┌──

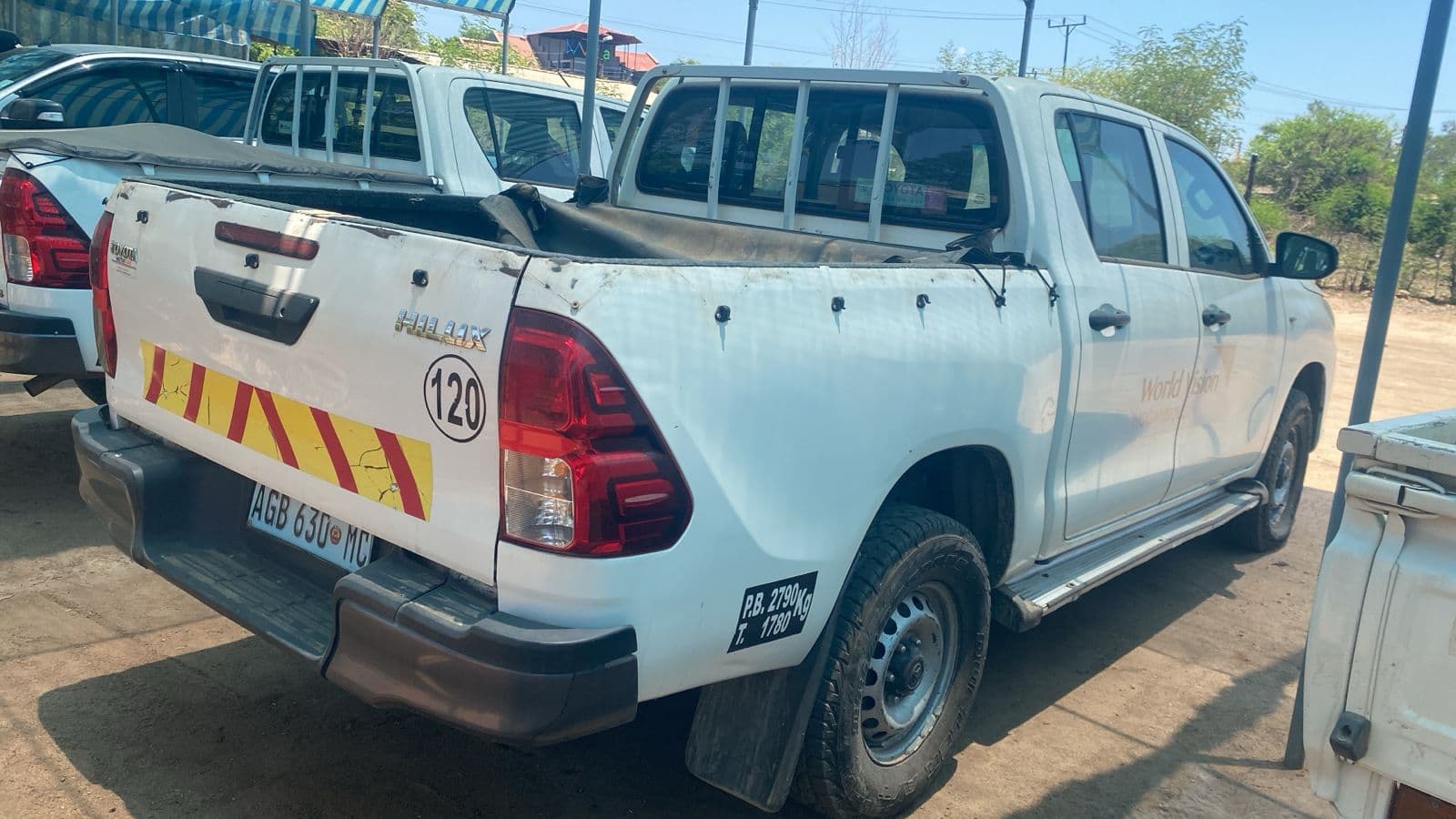 Toyota Hilux — image 5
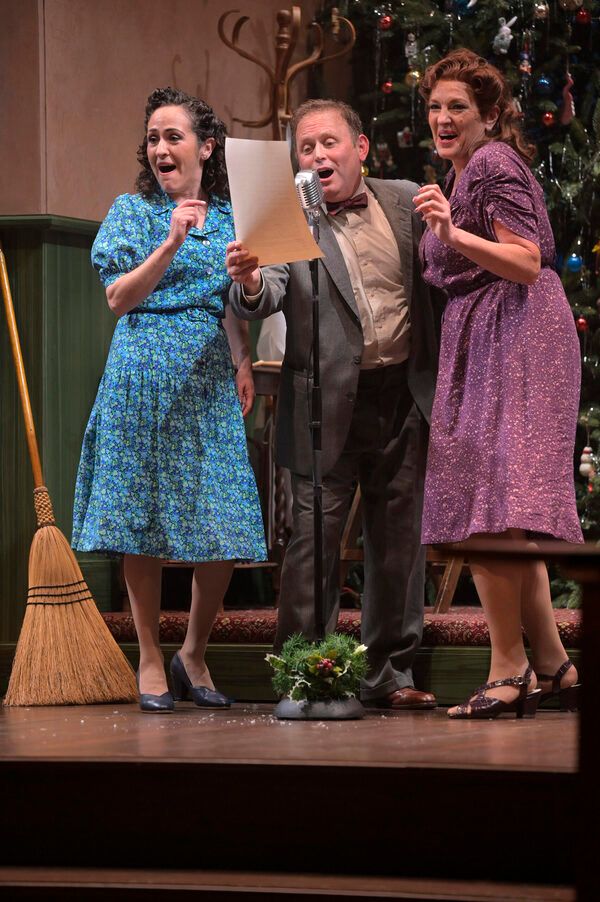 Sarita Ocón, Todd Cerveris and  Luisa Sermol Photo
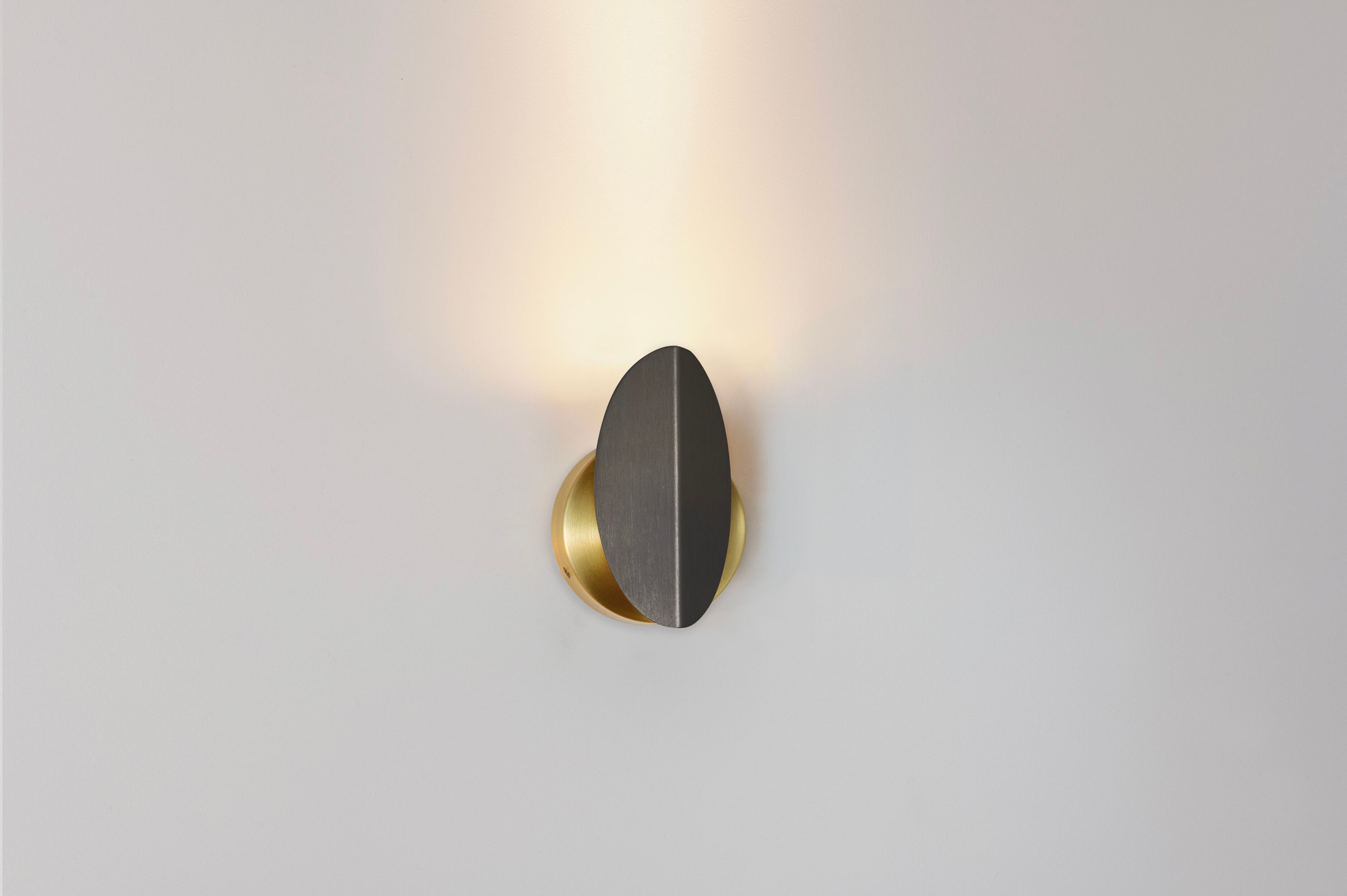 Латунный светодиодный настенный светильник CVL Luminaires Pirouette ARCH-00029238 - Вид №12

└──

**DESCRIPTION OF THE TASK**
Transcribe all of the listing precisely. The images stay out of it.

**EXERCISE RESULT**
 Toyota Hilux — image 5
 Sarita Ocón, Todd Cerveris and  Luisa Sermol Photo
 Латунный светодиодный настенный светильник CVL Luminaires Pirouette ARCH-00029238 - Вид №12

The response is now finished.